Do tego spotkania Liverpool podchodził bez dwóch swoich podstawowych napastników, kontuzjowanego Daniela Sturridge’a i zawieszonego za wpis na Instagramie Mario Balotellego. W Arsenalu z kolei zabrakło przede wszystkim Mikela Artety, Aarona Ramseya oraz Jacka Wilshere’a. Najbardziej jednak obu drużynom przed tym meczem brakowało punktów w ligowej tabeli, bowiem Arsenal tracił do pierwszej czwórki pięć punktów, a Liverpool aż dziesięć.

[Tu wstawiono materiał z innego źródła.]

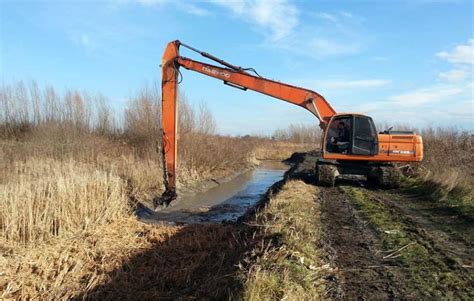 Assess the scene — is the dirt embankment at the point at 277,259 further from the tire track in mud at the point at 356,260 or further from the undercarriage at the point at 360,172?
the undercarriage at the point at 360,172

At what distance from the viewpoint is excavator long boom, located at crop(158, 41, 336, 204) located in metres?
13.5

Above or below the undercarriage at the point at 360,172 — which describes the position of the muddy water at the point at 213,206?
below

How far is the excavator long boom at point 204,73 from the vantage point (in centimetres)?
1345

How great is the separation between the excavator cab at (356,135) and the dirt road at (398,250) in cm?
316

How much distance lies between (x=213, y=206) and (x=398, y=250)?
33.0ft

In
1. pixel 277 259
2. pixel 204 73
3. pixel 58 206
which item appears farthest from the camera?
pixel 204 73

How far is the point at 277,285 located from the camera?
16.0 feet

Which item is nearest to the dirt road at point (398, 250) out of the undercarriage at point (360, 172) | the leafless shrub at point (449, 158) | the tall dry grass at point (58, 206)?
the leafless shrub at point (449, 158)

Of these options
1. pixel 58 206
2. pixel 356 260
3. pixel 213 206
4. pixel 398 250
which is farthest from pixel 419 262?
pixel 213 206

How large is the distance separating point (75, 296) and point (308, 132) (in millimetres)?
67672

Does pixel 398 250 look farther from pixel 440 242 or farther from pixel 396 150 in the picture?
pixel 396 150

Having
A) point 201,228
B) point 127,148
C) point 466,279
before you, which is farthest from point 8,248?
point 127,148

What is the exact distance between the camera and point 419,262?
240 inches

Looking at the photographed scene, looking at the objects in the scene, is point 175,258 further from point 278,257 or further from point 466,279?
point 466,279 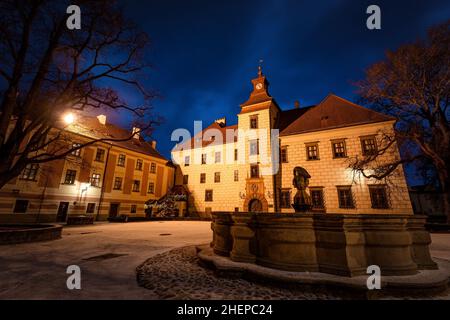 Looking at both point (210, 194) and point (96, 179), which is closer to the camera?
point (96, 179)

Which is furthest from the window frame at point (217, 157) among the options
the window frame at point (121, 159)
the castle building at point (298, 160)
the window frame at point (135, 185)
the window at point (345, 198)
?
the window at point (345, 198)

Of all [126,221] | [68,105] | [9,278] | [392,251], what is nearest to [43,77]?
[68,105]

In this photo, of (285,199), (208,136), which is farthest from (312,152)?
(208,136)

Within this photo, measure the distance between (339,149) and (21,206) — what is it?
29780mm

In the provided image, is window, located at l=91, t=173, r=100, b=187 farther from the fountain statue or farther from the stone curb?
the fountain statue

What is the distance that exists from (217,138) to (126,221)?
54.3ft

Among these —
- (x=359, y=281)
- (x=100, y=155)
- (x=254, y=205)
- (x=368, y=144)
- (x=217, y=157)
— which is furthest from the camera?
(x=217, y=157)

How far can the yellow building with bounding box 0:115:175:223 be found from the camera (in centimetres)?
1806

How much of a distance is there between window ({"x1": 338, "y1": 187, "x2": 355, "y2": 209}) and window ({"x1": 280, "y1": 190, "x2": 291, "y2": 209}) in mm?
4457

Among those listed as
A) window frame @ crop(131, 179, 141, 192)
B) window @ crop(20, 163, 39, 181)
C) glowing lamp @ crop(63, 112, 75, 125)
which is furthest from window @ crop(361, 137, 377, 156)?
window @ crop(20, 163, 39, 181)

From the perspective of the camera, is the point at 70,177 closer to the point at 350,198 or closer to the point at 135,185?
the point at 135,185

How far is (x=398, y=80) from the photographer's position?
544 inches

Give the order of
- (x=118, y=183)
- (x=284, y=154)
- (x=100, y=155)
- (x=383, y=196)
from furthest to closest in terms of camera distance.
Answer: (x=118, y=183), (x=100, y=155), (x=284, y=154), (x=383, y=196)

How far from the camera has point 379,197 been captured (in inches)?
666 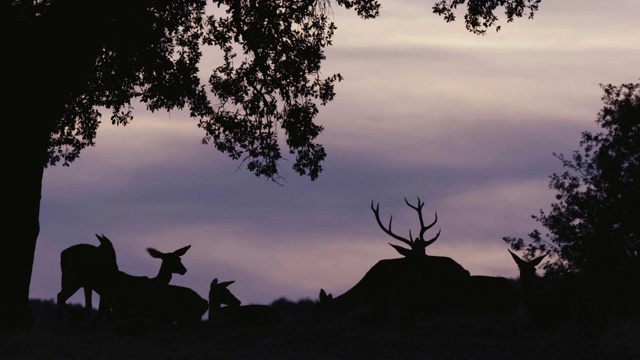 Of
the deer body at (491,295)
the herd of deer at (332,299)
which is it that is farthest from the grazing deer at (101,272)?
the deer body at (491,295)

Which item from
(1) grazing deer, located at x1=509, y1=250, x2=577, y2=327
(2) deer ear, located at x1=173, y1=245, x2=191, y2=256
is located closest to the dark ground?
(1) grazing deer, located at x1=509, y1=250, x2=577, y2=327

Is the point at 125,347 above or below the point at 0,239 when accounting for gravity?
below

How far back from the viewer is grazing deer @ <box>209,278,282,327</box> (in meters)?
18.8

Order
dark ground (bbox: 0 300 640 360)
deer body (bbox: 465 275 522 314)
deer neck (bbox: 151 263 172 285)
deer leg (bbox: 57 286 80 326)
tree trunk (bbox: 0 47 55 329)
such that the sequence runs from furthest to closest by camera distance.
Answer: deer body (bbox: 465 275 522 314) → deer leg (bbox: 57 286 80 326) → deer neck (bbox: 151 263 172 285) → tree trunk (bbox: 0 47 55 329) → dark ground (bbox: 0 300 640 360)

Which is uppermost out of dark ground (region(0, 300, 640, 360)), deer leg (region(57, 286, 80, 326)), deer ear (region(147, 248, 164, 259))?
deer ear (region(147, 248, 164, 259))

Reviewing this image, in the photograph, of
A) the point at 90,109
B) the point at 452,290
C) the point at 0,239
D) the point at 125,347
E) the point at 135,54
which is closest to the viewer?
the point at 125,347

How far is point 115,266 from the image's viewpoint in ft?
62.1

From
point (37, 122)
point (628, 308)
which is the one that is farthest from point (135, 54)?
point (628, 308)

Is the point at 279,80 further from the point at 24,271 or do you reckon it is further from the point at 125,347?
the point at 125,347

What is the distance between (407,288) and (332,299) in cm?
168

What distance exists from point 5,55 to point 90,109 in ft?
19.8

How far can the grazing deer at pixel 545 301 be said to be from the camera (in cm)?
1747

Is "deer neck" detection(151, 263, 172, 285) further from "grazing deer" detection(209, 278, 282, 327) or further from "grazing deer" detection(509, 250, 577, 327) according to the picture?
"grazing deer" detection(509, 250, 577, 327)

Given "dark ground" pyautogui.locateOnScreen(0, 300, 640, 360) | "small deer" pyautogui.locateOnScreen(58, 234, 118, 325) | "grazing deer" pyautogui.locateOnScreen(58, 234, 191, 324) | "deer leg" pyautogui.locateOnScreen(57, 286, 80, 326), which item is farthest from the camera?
"deer leg" pyautogui.locateOnScreen(57, 286, 80, 326) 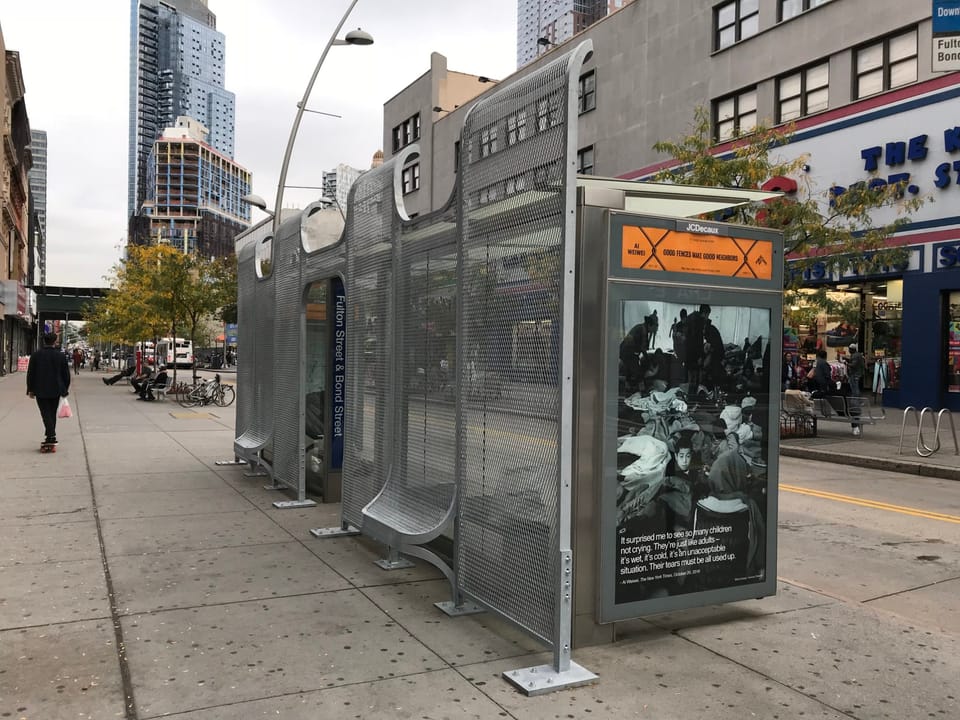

Dlatego też to właśnie The Reds, grający w rewolucyjnym ustawieniu z trójką obrońców i bez klasycznego środkowego napastnika, od pierwszego gwizdka odważniej rzucili się do ataku. Już w trzeciej minucie gry z rzutu wolnego minimalnie niecelnie uderzył Steven Gerrard, a kilka minut później z kilkunastu metrów pomylił się Adam Lallana. Arsenal w pierwszej połowie praktycznie nie istniał i w 35. minucie Kanonierów przed stratą gola uratował Wojciech Szczęsny, który efektownie wygrał pojedynek z Lazarem Markoviciem. Tuż przed przerwą jednak i Polak był bezradny, gdy superprecyzyjnym płaskim strzałem zza pola karnego popisał się Philippe Coutinho, który wypracował w ten sposób zasłużone prowadzenie dla ekipy Brendana Rodgersa.
Gospodarze jednak tej przewagi nie potrafili dowieźć nawet do końca pierwszej połowy, bowiem tuż przed ostatnim gwizdkiem sędziego Michaela Olivera strzałem głową do wyrównania doprowadził francuski obrońca Arsenalu, Mathieu Debuchy.
Druga połowa rozpoczęła się od bardzo nieprzyjemnego starcia Oliviera Giroud z Martinem Skrtelem, po którym słowacki obrońca zalał się krwią. Po kilkuminutowej interwencji lekarzy Słowak zdołał jednak wrócić do gry, ale po chwili dostał jeszcze jeden cios, gdy po jego błędzie do bramki The Reds trafił Olivier Giroud i Arsenal niespodziewanie wyszedł na prowadzenie.
Taki stan rzeczy doprowadził do niezwykle emocjonującej końcówki, bowiem zdesperowany Liverpool, grający już tylko dwójką obrońców, rzucił się do rozpaczliwych ataków. Przez długi czas Kanonierów ratowały świetne interwencje Wojciecha Szczęsnego, który obronił dwa bardzo groźne uderzenia Fabio Boriniego i Stevena Gerrarda.
W doliczonym czasie gry Liverpool musiał sobie radzić dodatkowo w osłabieniu, bowiem niepotrzebną drugą żółtą kartkę obejrzał rezerwowy Borini, ale nawet to nie załamało podopiecznych Brendana Rodgersa, bo już w 97. minucie idealnie wykonany rzut rożny przyniósł dramatyczne wyrównanie autorstwa Martina Skrtela, który głową nie dał Wojciechowi Szczęsnemu żadnych szans. Ostatni cios miał jeszcze okazję zadać Arsenal, jednak Brada Jonesa nie potrafili pokonać Hiszpanie – Santi Cazorla oraz Nacho Monreal i ostatecznie ten mecz zakończył się zasłużonym remisem 2:2, który jednak nie zadowala ani jednej, ani drugiej drużyny, bowiem obie, zamiast zbliżyć się do czołówki, zanotował kolejną stratę. Święta na Anfield Road i Emirates Stadium na pewno nie będą należały do najmilszych.